Since our Bright Cities program launched, it has grown to include 44 cities nationwide working to reduce the harm of neurotoxic chemicals for little ones and their families. These cities provide powerful examples of actions that any city can take to reduce exposures that harm babies’ brain development.
One in six children in the United States has a developmental disability, including learning disabilities, intellectual impairment, attention deficit and hyperactivity disorder (ADHD), and autism.
Bright Cities awarded $240,000 in grant funding to support 12 new projects nationwide in 2023. Projects in Clarksville, Pine Bluff, and Youngstown focused on lead reduction. Three cities — Boulder CO, Hendersonville NC, and Lansing MI — took action to reduce neurotoxic exposures with a climate, resilience, and/or sustainability co-benefit.
And six cities — Meadville, Pine Bluff, Eugene, San Francisco, and Montgomery — are leveraging their projects to gain additional funding from various funding sources, including the EPA’s grant programs designed to support city and community-based organization partnerships.

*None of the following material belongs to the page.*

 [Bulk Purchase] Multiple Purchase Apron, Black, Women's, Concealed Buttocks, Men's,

"Our Bright Cities grant provided a rare opportunity to plan together and think big about upcoming federal and state grant opportunities,” said Kevin Kasowski, the Director of Foundation and Corporate Giving at the Oregon Environmental Council.

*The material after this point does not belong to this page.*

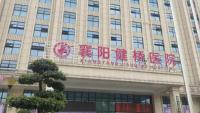 最新消息！販賣出生證，湖北襄陽健橋醫院7人被采取強制措施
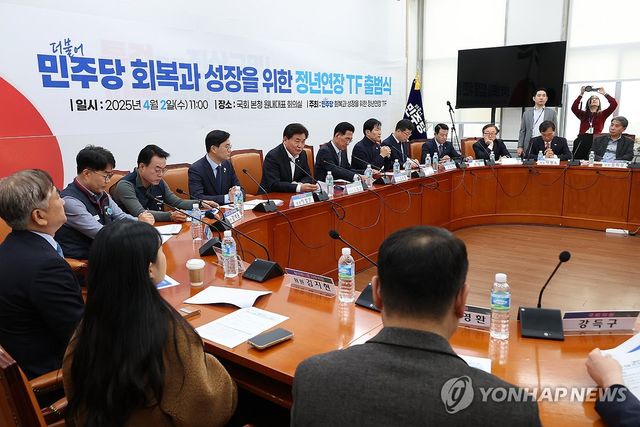 민주당 '정년연장 태스크포스' 출범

Take advantage of being “Better Together” and kick-off the new year by implementing one (or all!) of four initiatives already created and piloted by Bright Cities this year:
- “100 Resilient Yards” Campaign — Volunteer program that provides technical expertise and resources to residents and/or businesses to transform 100 properties into one of five resilient yardscapes: pollinator garden, rain garden, vegetable garden, native planting, and/or organic lawn.

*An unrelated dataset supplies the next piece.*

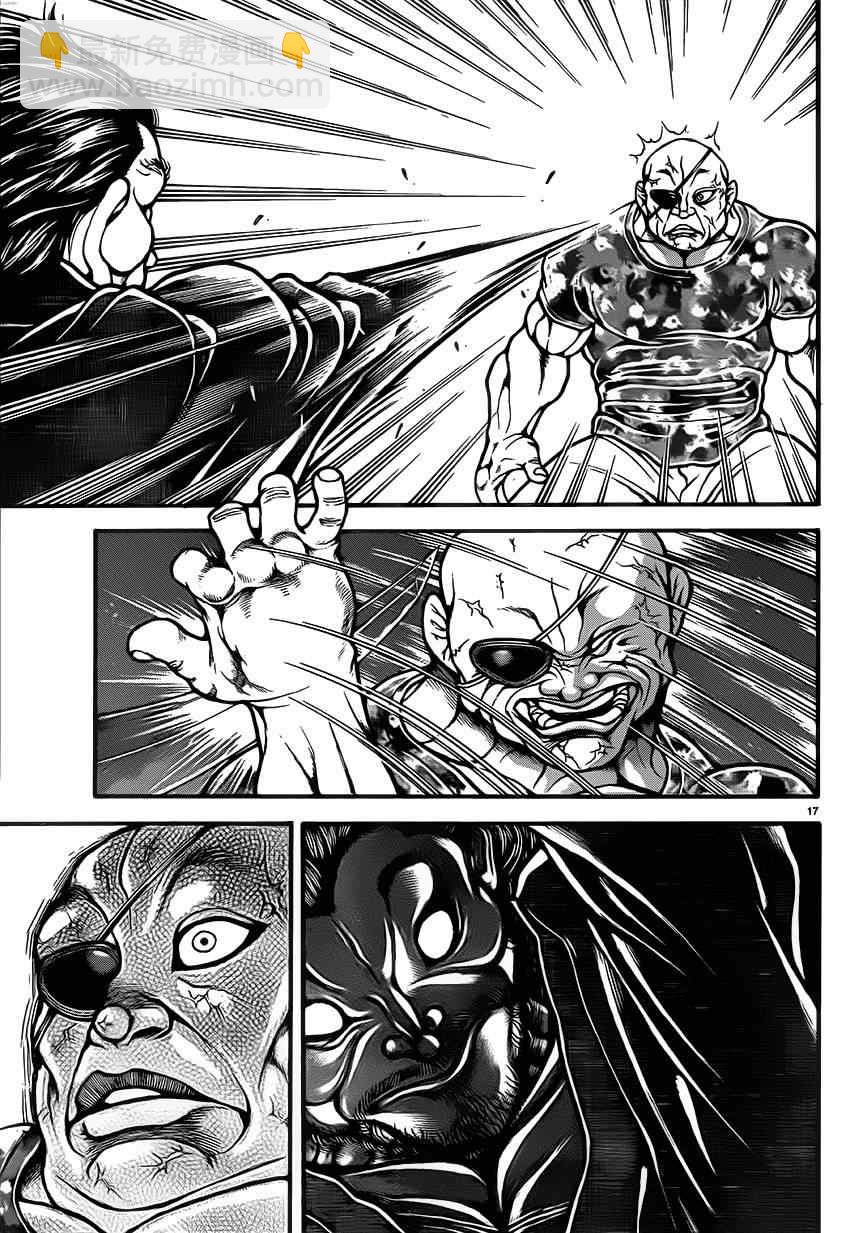 刃牙道 - 第38話 - 2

- Model Sustainable Procurement Policy — Procurement is an important, innovative tool for achieving an equitable, healthy, and climate-friendly future. The policy is available to use as is, or it can be tailored for use by your city. You can also use US EPA data to help identify the biggest purchasing opportunities for cities to simultaneously reduce GHG emissions and reduce toxic exposures; examples here.
- Energy (& Health) Navigator Model Program for Landlords — Innovation program that bundles building improvements to assist renter-occupied properties achieve housing resilience, health (e.g., lead remediation), equity, and climate goals.
- Housing Code Amendment to require checking pre-1978 rental housing for deteriorated lead-based paint during the rental certification process — This amendment ensures lead hazard remediation in rental properties.
Our Bright Cities team also created and implemented learning opportunities (e.g., webinars and coffee conversations); shared Bright Cities models at national meetings; enthusiastically participated in partnership events with the Mayors Innovation Project, ICLEI, EcoAmerica, and others; and shared information regularly among our innovative, dedicated, and fun colleagues.
The sum is truly bigger than the parts, and we look forward to being even “Better Together” in 2024!